Ovarian yolk sac tumor has some characteristics in clinical manifestations, such as mild age of onset, large tumor, easy to produce ascites, and rapid development of disease course. If you are alert to the possibility of this tumor, it is not difficult to diagnose. In particular, serum alpha-fetoprotein (AFP) detection can play a definitive role in diagnosis. Yolk sac tumors can synthesize AFP and are a very specific tumor marker. Radioimmunoassay methods are extremely sensitive to the determination of AFP in serum. Sometimes the composition of yolk sac tumors in mixed-cell tumors is very small, and it is necessary to make serial sections or repeated sections to find very small tumors. There is an increase in serum AFP.

Diagnosis

Diagnosis and differentiation of ovarian yolk sac tumor

diagnosis

Ovarian yolk sac tumor has some characteristics in clinical manifestations, such as mild age of onset, large tumor, easy to produce ascites, rapid development of the disease, if you are alert to the possibility of this tumor, it is not difficult to diagnose, especially serum A Fetal protein (AFP) detection can play a definitive diagnosis.

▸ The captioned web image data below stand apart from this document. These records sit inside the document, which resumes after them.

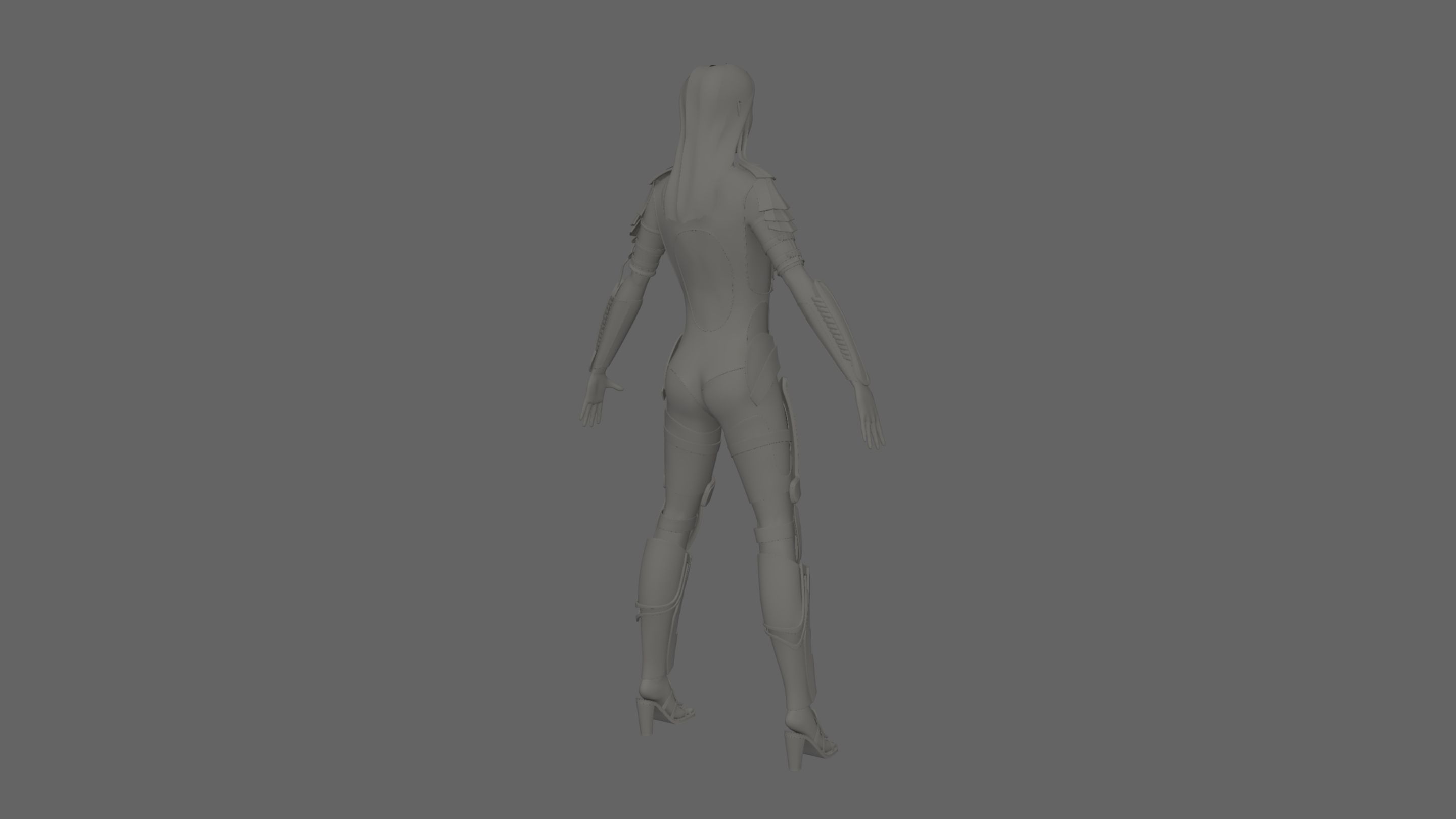character elf 3D model_3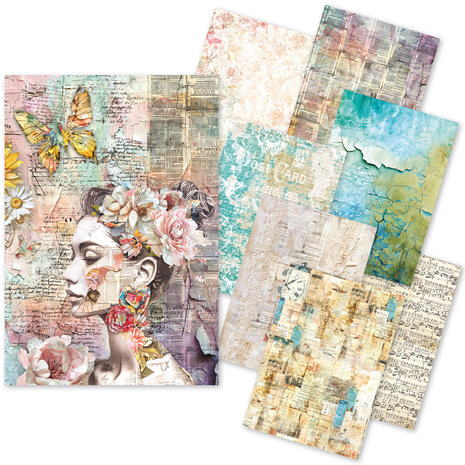 Ciao Bella Papercrafting PRE-ORDER Craftmix A5 Mixed Paper Pack The sound of Spring (MC009) Ciao Bella Papercrafting PRE-ORDER Craftmix A5 Mixed Paper Pack The sound of Spring (MC009)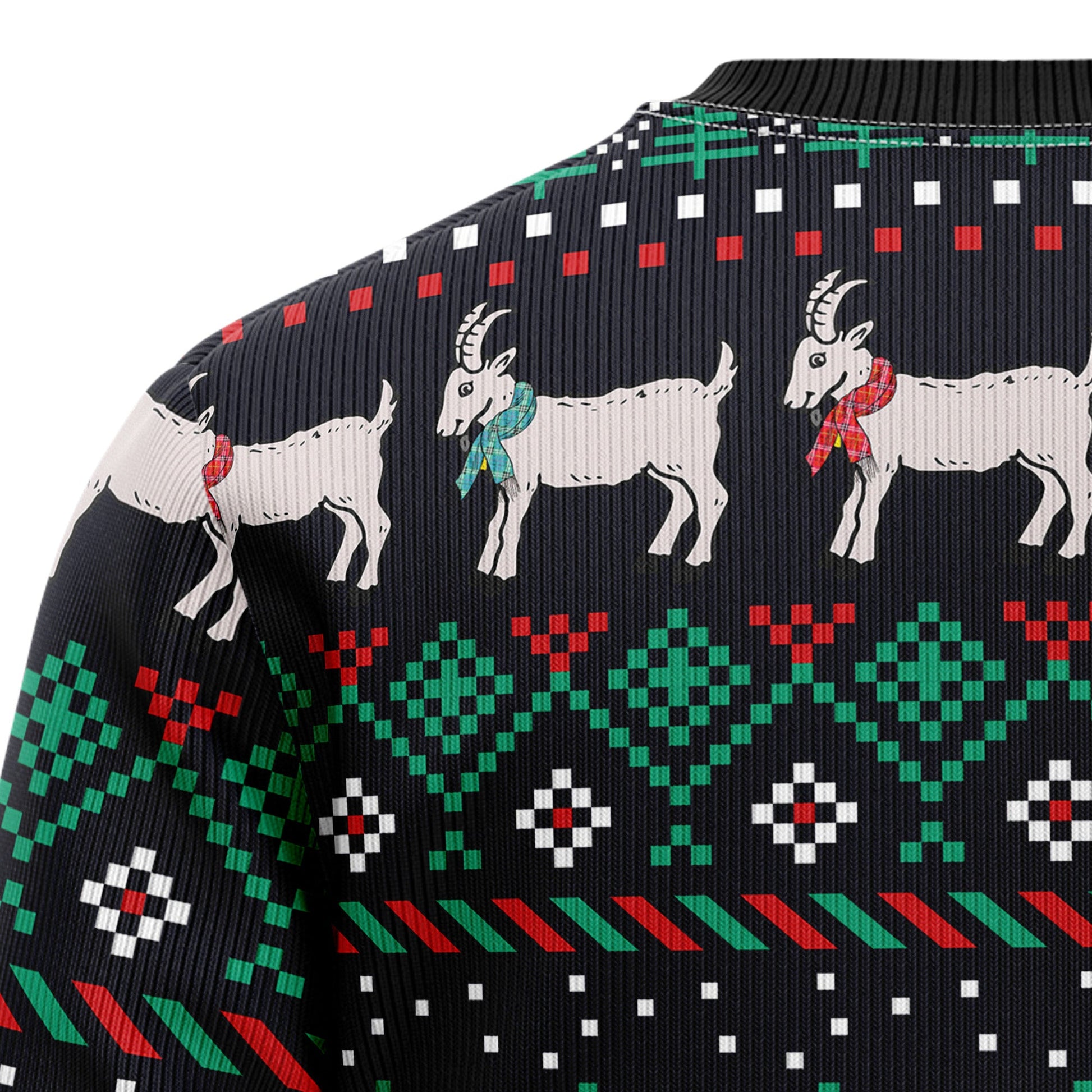 litzzy Cute Goat T1410 Ugly Christmas Sweater -  Best Gift For Christmas, Noel Malalan - Christmas Signature sweater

Yolk sac tumor can synthesize AFP, which is a very specific tumor marker. Radioimmunoassay is highly sensitive to the determination of serum AFP, sometimes in mixed type. There are very few components of yolk sac tumor in the tumor of the cell, which must be serially sliced or repeatedly sliced to find a very small tumor, and the serum AFP is elevated. In 100 cases of pure and mixed yolk sac tumor in Peking Union Medical College Hospital, There was an increase in serum AFP before surgery, and there was no false negative. Therefore, serum AFP detection has a clear diagnosis of ovarian endodermal sinus tumor.

Differential diagnosis

Note the differentiation with other ovarian germ cell tumors such as ovarian dysplasia.